With his marriage under pressure Mr. Trenchfoot threw himself fully into making his benefit events as successful as possible.
|Mr. Greenalgh's added another business to his growing empire|
A Race Night / pie and pie supper in his local pub was well attended but proved financially catastrophic when a group of punters, including lucky newsagent Mr. Greenalgh, won large amounts of money on every race. "I had a funny feeling that they had seen the video before," said Mr. Trenchfoot "they backed all the winners, cleared me out financially and then had the temerity to complain that the peas weren't mushy enough."
He was forced to honour all winning bets and ended the evening more than £2,000 in deficit.
"I'm still paying the buggers off. I borrowed the racing video - called 'Champions' if I recall - from Mr. Greenalgh who said it was free with the June 24th 2001 edition of The Sporting Life and had been hidden in a box of Werthers Originals ever since. I just thought some of the races looked a bit staged and I don't remember John Hurt being a jockey but then again some people are just lucky when it comes to gambling."
Further disappointment ensued with an under-subscribed beauty contest won by 74-year-old Doris Trill one of three entrants, all from Sunny View Nursing Home.
"She won fair and square and I appreciated her stepping in at the last moment but I thought she could have had a shave first. Also in retrospect it might have been a mistake to have a swimwear round. Mrs Trill wasn't really rocking that bikini."

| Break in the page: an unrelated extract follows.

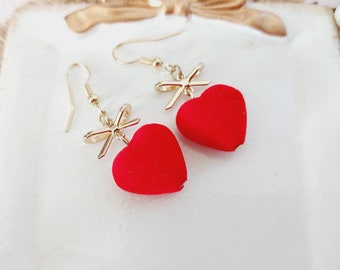 Boucles d'oreilles pendantes en alliage métalique doré. Perle coeur rouge tout doux. Bijoux fantaisie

With debts approaching £3,000 Mr. Trenchfoot was desperate that his final showpiece event - the dinner and auction - was a success.
It was not to be.
His first choice venue - Bolsover Town Hall Banqueting Suite - was too costly to hire, so out of desperation he was forced to book the main hall at the local Cub Scout HQ. Luckily for Mr. Trenchfoot it co-incided with Bob A Job Week and he was able to get the catering and waiting services for very little cost.

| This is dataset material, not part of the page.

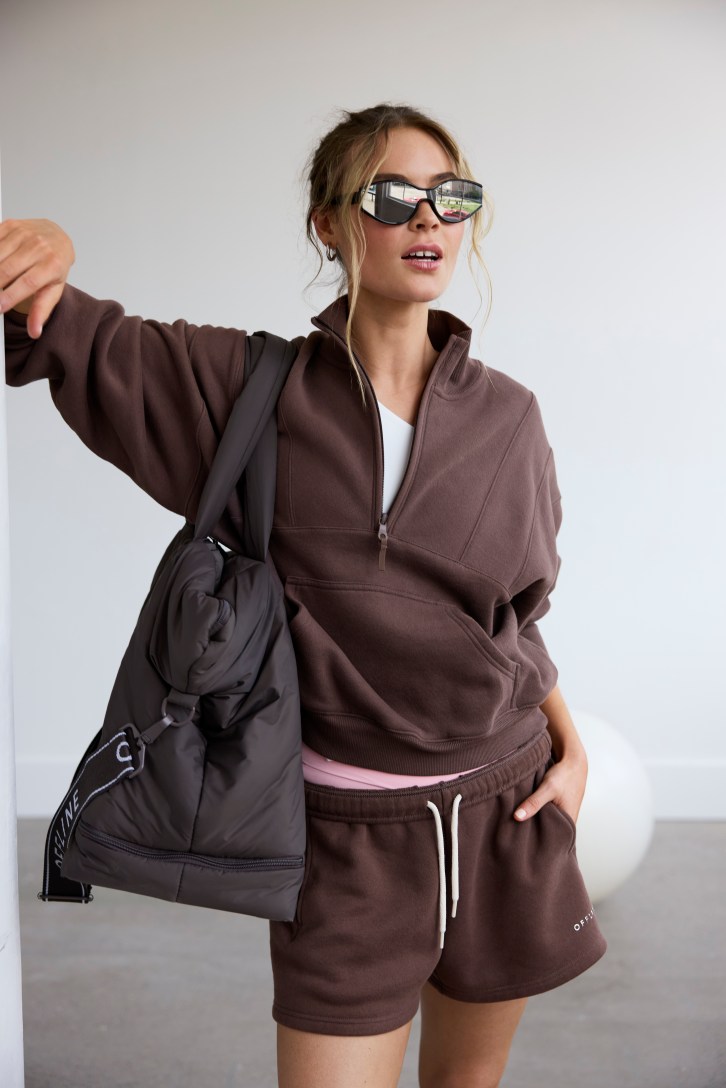 Woman wearing a brown sweatshirt with a pocket.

With 150 tickets sold it was an opportunity to recoup a substantial amount of cash.
Highlights of Bob Trenchfoot's benefit year events
"If the Dinner had been a success then I might have come close to breaking even. I'm not blaming the Scouts - they tried hard - but with the benefit of hindsight I shouldn't have asked them to provide a four course meal without supervision. The first course of crisps was OK but I expected more than Twiglets for the main and Haribo Starmix for pudding. And everyone knows that the biscuits for 'cheese and biscuits' should be crackers not Jaffa Cakes and Penguins."
Disgruntled diners demanded their money back and left long before the charity auction. When the auction took place it raised a grand total of just £1.20 courtesy of a bid by lucky newsagent Mr. Greenalgh who offered that amount for the entire lot.

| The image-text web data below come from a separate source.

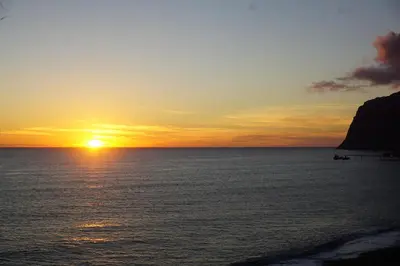 a sunset over the ocean with the sun setting at Freda House in Funchal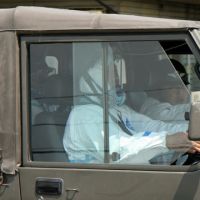 Spring cleaning: At a shopping center on the edge of the 20 km evacuation zone around the Fukushima No. 1 nuclear plant, hazmat-suited military contractors head to Namie for cleanup duties in April. | JACK STONE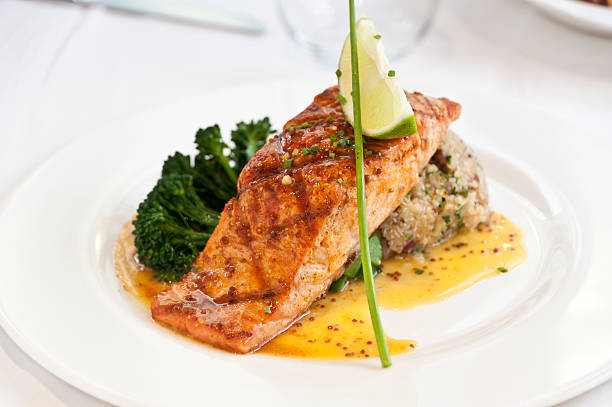 Grilled fillet of Salmon with rice and vegetables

"The only person who actually came out of this whole fiasco quids in is Mr. Greenalgh. Not only did he bag all of the auction items for just over a quid, he apparently made a fortune supplying the boy scouts with foodstuffs. Only yesterday I saw him out and about with my wife, wearing one of my cardigans and reeking of Brut."
In total Mr. Trenchfoot's Benefit Year left him £5,000 in debt. In order to feed himself he has been forced to find additional work as a newspaper delivery boy for 75p an hour at the new newsagent opened up by Mr. Greenalgh.
"It's been something of a disappointing year but at least Mr. Greenalgh has done well and he's been kind enough to offer me a job. My wife is staying with him while we work out the finer details of the divorce."